喧噪だけが香港ではない

派手なネオンの看板とひしめく高層ビル…。アジアの都会の喧噪の中でも、香港のそれは独特な風景を織りなしています。旅行者にとって、香港の喧噪はエキサイティングだけれど少し疲れてしまうかも?たまには中心部を離れ、郊外で思いきり自然に触れるのはいかがでしょう。自然観察系のスポットが好きな私は、新界西北部にある「香港湿地公園」へ向かってみました。中心部からなら、金鐘(アドミラルティ)駅前のバス停から967番バスで1時間強、もしくは705番か706番の軽鐵で湿地公園駅下車です。

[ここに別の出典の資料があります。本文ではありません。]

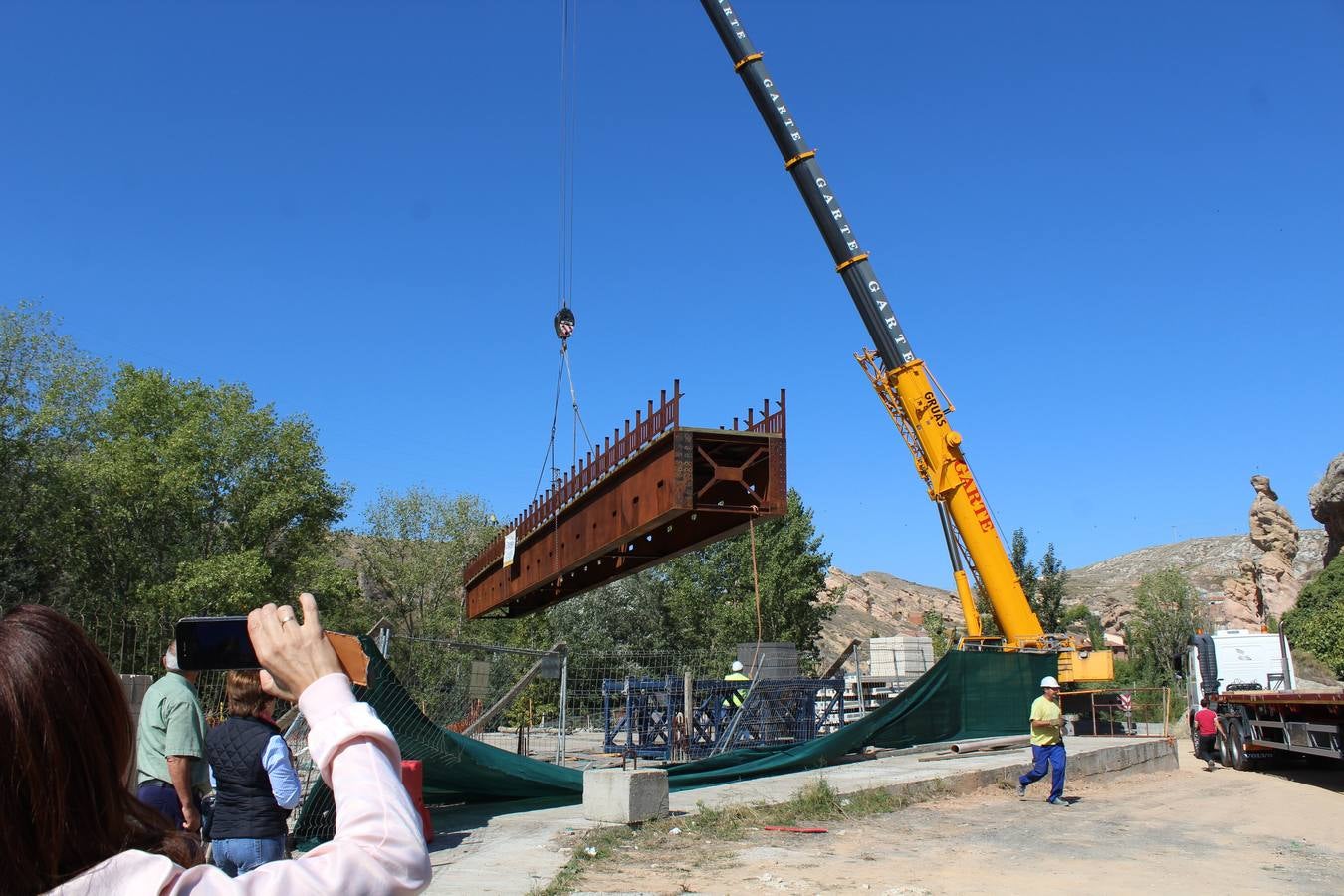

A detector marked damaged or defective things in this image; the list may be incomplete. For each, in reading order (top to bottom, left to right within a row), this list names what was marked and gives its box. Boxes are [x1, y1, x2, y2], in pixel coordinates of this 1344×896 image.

中国本土にも近い、香港湿地公園は野鳥の楽園 中国本土にも近い、香港湿地公園は野鳥の楽園

広大な湿地帯が、遠足で人気の場所に

この辺りは新興住宅街で、道ゆく人や自動車の数も少なく、鉄道もライトレールが敷かれていて、ゆったりした時間が流れています。2006年、ここの広大な湿地帯を香港政府が整備し、湿地公園としてオープンしました。私が訪れたときには、遠足か社会科見学なのか、小学生から大学生くらいまでの若い人たちが次々にやってきていました。彼らにとって、香港にある数少ない自然と親しむ場所なのでしょう、和気あいあいと盛り上がっては代わる代わる望遠鏡をのぞいています。そう、ここは絶好の野鳥観察スポットでもあるのです。

鳥好きは絶対外せない遊歩道散策!

総面積が約60ヘクタールを誇る公園内には、絶滅寸前の種類を含め、およそ150種類の野鳥がいるのです。ビジターセンターに設置されたスワロフスキー製(!)望遠鏡をのぞいてみるのもいいですが、本気で野鳥観察をするのなら、ぜひ、マイ双眼鏡などを用意して、遊歩道を歩いてみてください。遊歩道は4コースあり、野鳥観察小屋も設置されています。もちろん鳥だけでなく、水生生物も観察できます。足元はしっかりした木道が整備されているので歩きやすく、ワイルドな施設を想像していくとややイメージとちがうかもしれませんが、幅広い年齢層が一日かけて楽しめる公園です。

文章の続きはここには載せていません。